11 July 2012
"He breathed in labored gasps, hanging limp from the dripping water pipes, hands cuffed separately, 4 feet apart. His feet were bound as one, and shackled to the old radiator the warehouse owner never bothered to remove. the effect was dramatic, though no one could see it, except the old man, and his two henchmen. He hung at a forty-five degree angle, head lolling from side to side between his biceps. His hair hung in weighty, sweaty tangles, his nose and mouth still dripped blood, too red in the harsh contrasts of the dim, dingy place, his front teeth broken at the gumline, but he thanked God he was numb from the beating. He'd made peace with his fate the moment they chained him up, knowing he'd soon know as he was known.
Suspended as he was, his mushed face, one his mother and father would not have known, hung at eye level with the old man's. The corrupt old villain stood regarding the young man's blind eyes, feeling his hot, ragged breathes on his face.
"Oh, my dear child," Marchbanks said in a piteous voice as dead of emotion as his rheummy old eyes. "I'm afraid you're dying."
Duncan raised his head, what little strength that remained he spent in one last act of defiance.

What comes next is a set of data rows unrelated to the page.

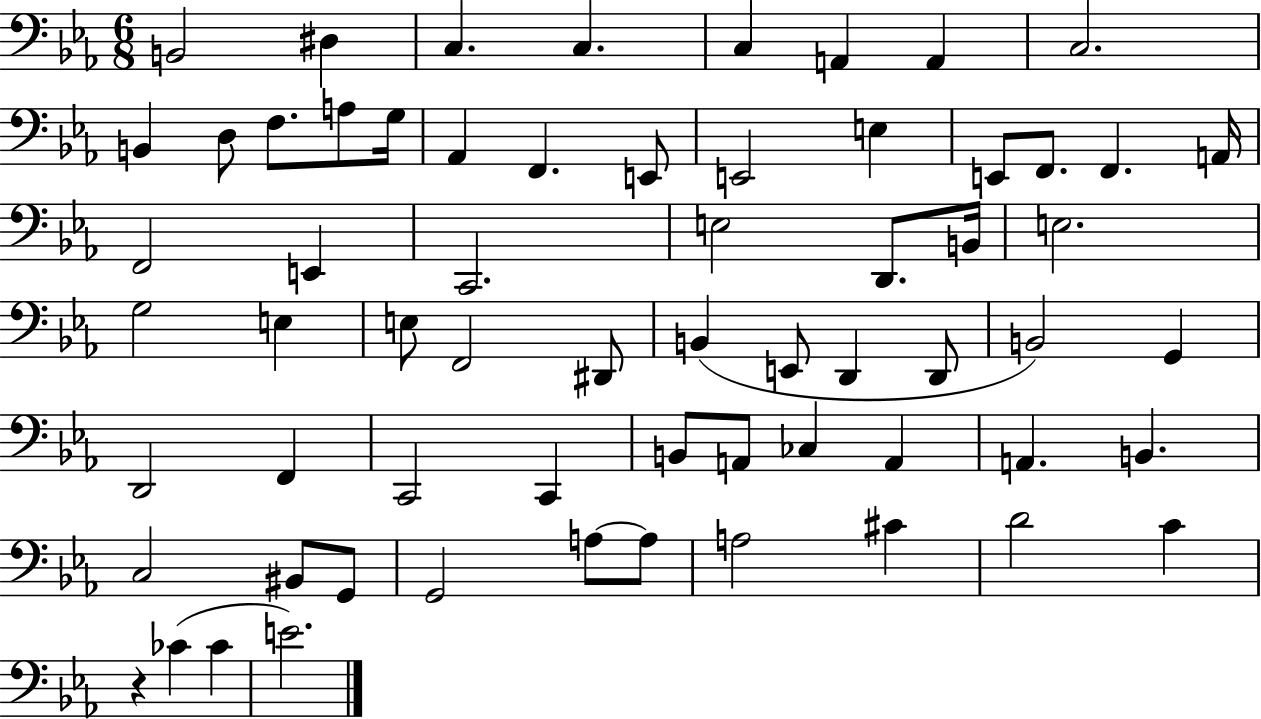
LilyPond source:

{
  \clef bass
  \numericTimeSignature
  \time 6/8
  \key ees \major
  b,2 dis4 | c4. c4. | c4 a,4 a,4 | c2. | \break b,4 d8 f8. a8 g16 | aes,4 f,4. e,8 | e,2 e4 | e,8 f,8. f,4. a,16 | \break f,2 e,4 | c,2. | e2 d,8. b,16 | e2. | \break g2 e4 | e8 f,2 dis,8 | b,4( e,8 d,4 d,8 | b,2) g,4 | \break d,2 f,4 | c,2 c,4 | b,8 a,8 ces4 a,4 | a,4. b,4. | \break c2 bis,8 g,8 | g,2 a8~~ a8 | a2 cis'4 | d'2 c'4 | \break r4 ces'4( ces'4 | e'2.) | \bar "|."
}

"I... am dying," he said, pulling the words from his mouth like rotten teeth. "But you... are a coward."
The old man's face hardened, his false pity gone.
"An hour... from now..." Duncan fought for breath. "I'll... be dead... and you... will still... be a coward."
Marchbanks' face contorted with impotent rage.
"Twenty years from... now... you... will be dead..." Duncan smiled a toothless, bloody smile. "And you... will still... be... a coward."
The corrupt old despot slapped the young man's face, soiling his immaculate cuffs with blood. In return, he heard... laughter?
Duncan laughed through the pain, through the blood, through the creeping death he could feel, shutting down systems in his body like a night watchman turning out the lights, marching closer and closer to the core, the critical functions necessary for life. He knew that soon, he would pass the point of no return, the point after which rescue would not matter, though he'd long since gave up any hope of that.
"Leave him!" Marchbanks ordered, turning to one of his lackeys. Did the young punk not realize how unusual it was for the wealthy, powerful, insular man to regard a pathetic little loose end like him?
"You, stay here." He jerked a thumb back to his dying guest, unconsciously admiring how well the young man faced death. Could he do the same? "Dispose of him," he said, looking back with a malevolent gaze. "But do nothing to hasten it."
"Yes, sir," the flunky replied to the old man's departing back. But did he see a streak of pale sunflower there?"